Let me preface this by saying that I am no fan of Barack Obama. I believe that he has largely failed as president and that he was unqualified for such high office in the first place. Despite his Harvard University credentials and charismatic style in speechmaking, he is simply in over his head in the White House.

Having said that, I still think that Obama will easily win re-election in the 2012 presidential race.

This prediction has less to do with Obama’s accomplishments (or lack thereof) and more to do with the poor quality of Republican Presidential candidates.

The GOP field looks like a rogue’s gallery of losers to me. When Newt Gingrich is one of the top prospects, you know the Republicans are in deep trouble.

Although I live in a city (New York) that is heavily Democratic, I have a number of Republican friends and consider myself more of a Republican than Democrat. But none of them (nor I) have any excitement at all for what the GOP is offering in this election.

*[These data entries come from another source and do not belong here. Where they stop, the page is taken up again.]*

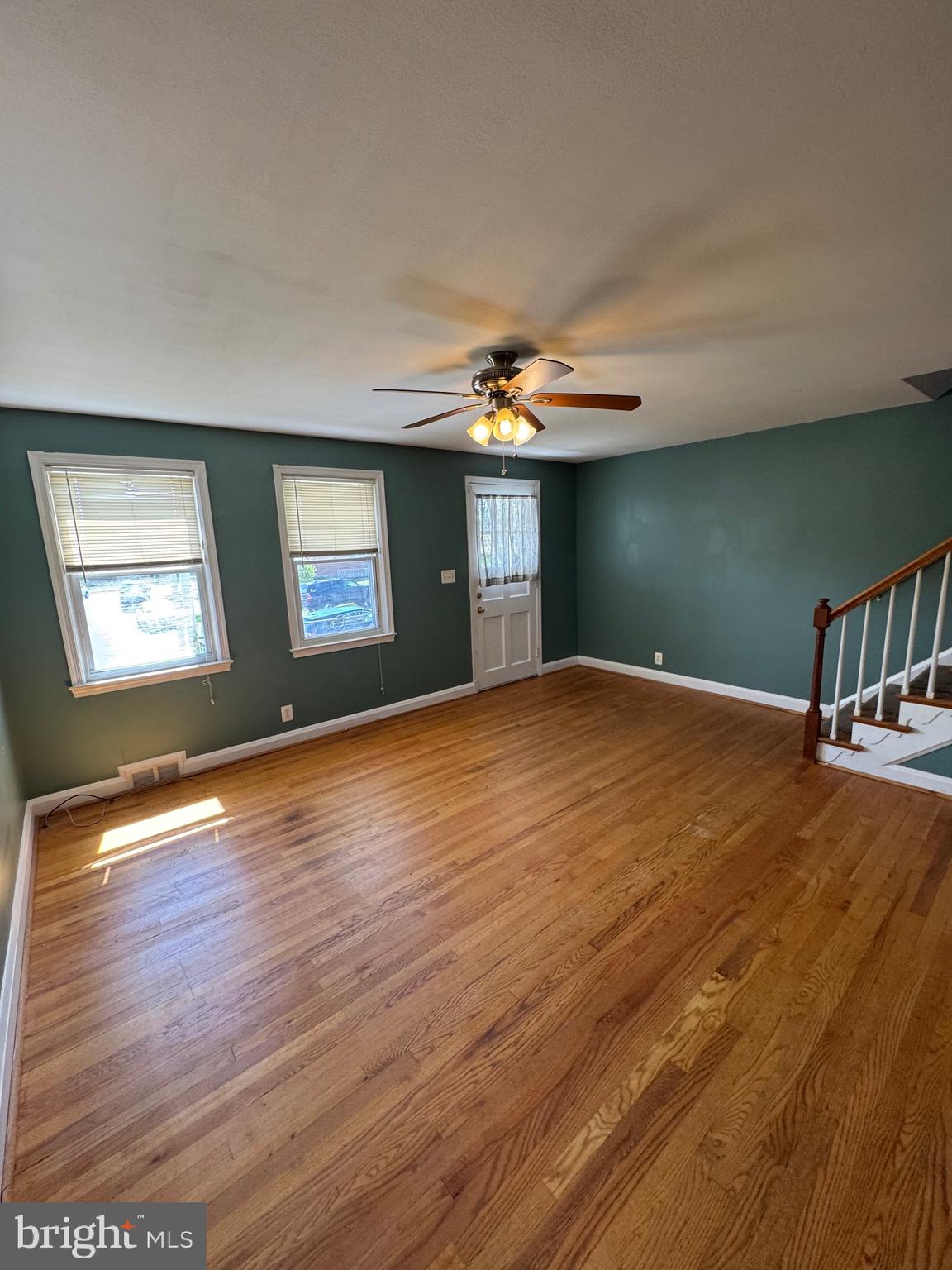 ARBOUR MANOR - Residential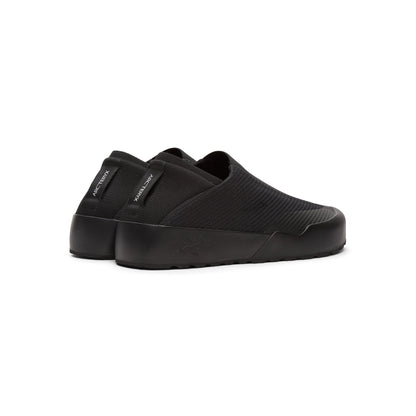 Arc'teryx Kragg Men (Black/Black)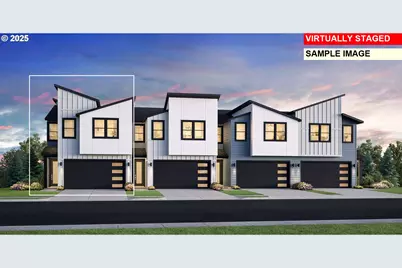 3877 NW 65th Ave, Camas, WA 98607 - Photo 1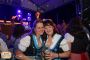 IMG_5743.jpg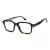 Carrera Gafas Graduadas CA 370 086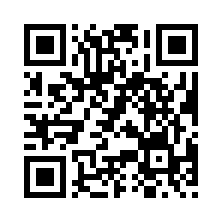 QR Code for 1F3h9npjXfTJ2QCVjgLEusbP9VXxwwTYZd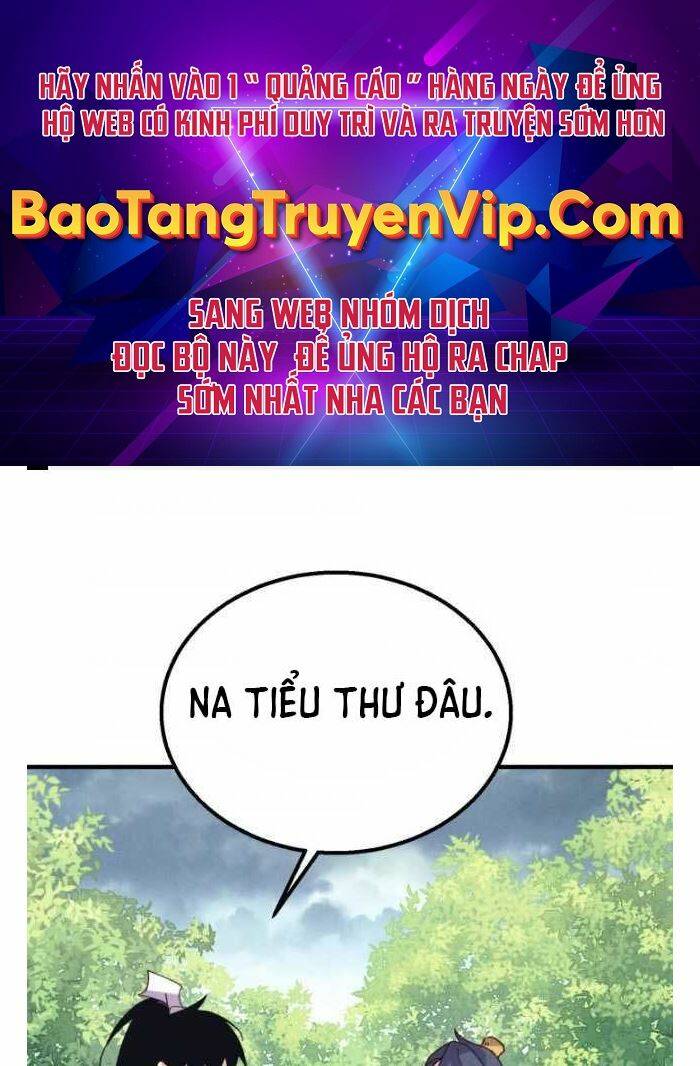 Phi Lôi Đao Thuật: Chapter 166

Mitt Romney seems to inspire either apathy or derision. He is a hedge fund billionaire who seems absolutely desperate to become president – while having no familiarity at all with the day-to-day realities of millions of struggling Americans.

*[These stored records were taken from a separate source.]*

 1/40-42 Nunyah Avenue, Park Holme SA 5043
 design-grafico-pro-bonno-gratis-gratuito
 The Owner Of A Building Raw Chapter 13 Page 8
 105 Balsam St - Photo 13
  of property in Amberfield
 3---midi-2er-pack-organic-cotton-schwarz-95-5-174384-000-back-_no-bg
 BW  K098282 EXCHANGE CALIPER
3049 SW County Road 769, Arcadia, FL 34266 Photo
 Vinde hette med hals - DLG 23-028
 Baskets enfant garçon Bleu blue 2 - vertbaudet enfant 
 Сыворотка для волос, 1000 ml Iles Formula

Infamous for his flip-flops of various political issues, Romney seems to have no core ideology whatsoever. The only thing he has going for him (besides a huge treasure chest of cash) is that he “looks” more like a statesman than any of his fellow candidates.

Gingrich carries so much negative baggage that it’s amazing he is even considered a serous candidate. He would appear to be exactly what the right-wing elements of the GOP detest the most -- a multi-decade Washington insider who has a led a less-than-savory personal life.

Newt (whom I understand is quite smart) also has an abrasive personality and is utterly lacking in charm or charisma. His public speeches sound more like tirades and exercise in finger-pointing rather than a call to unite his supporters.

Michelle Bachman (who never had any real shot to get the nomination anyway) seems to be completely unaquainted with history and possesses no intellect whatsoever. The fact that such a woman has come so far in this process is yet another indication of how the GOP has deteriorated.

Rick Perry (who was actually the front-runner at one point) has stumbled so often in the debates and has made so many verbal gaffes that his chances for the presidency appear permanently doomed.

Herman Cain’s candidacy was of course torpedoed by repeated accusations of sexual harassment by various women (not that the Pizza godfather had a realistic chance to get the presidential nod anyway).

Sarah Palin, well, she seems to have vanished into thin air after it was revealed she had a one-night stand with Glen Rice, the former NBA star. (Palin may still have a large core of supporters, but it appears she has nonetheless missed her window of opportunity for seeking the highest office in the land).

Ron Paul (who, admittedly, boasts a rabid and passionate following) is nonetheless more of a professional crackpot than a legitimate presidential candidate. The elderly Texas congressman espouses such extremist (and frankly absurd) policies that he is doomed to the dustbin of history.

Have I left out anyone? Oh, Rick Santorum and Jon Huntsman. Yawn.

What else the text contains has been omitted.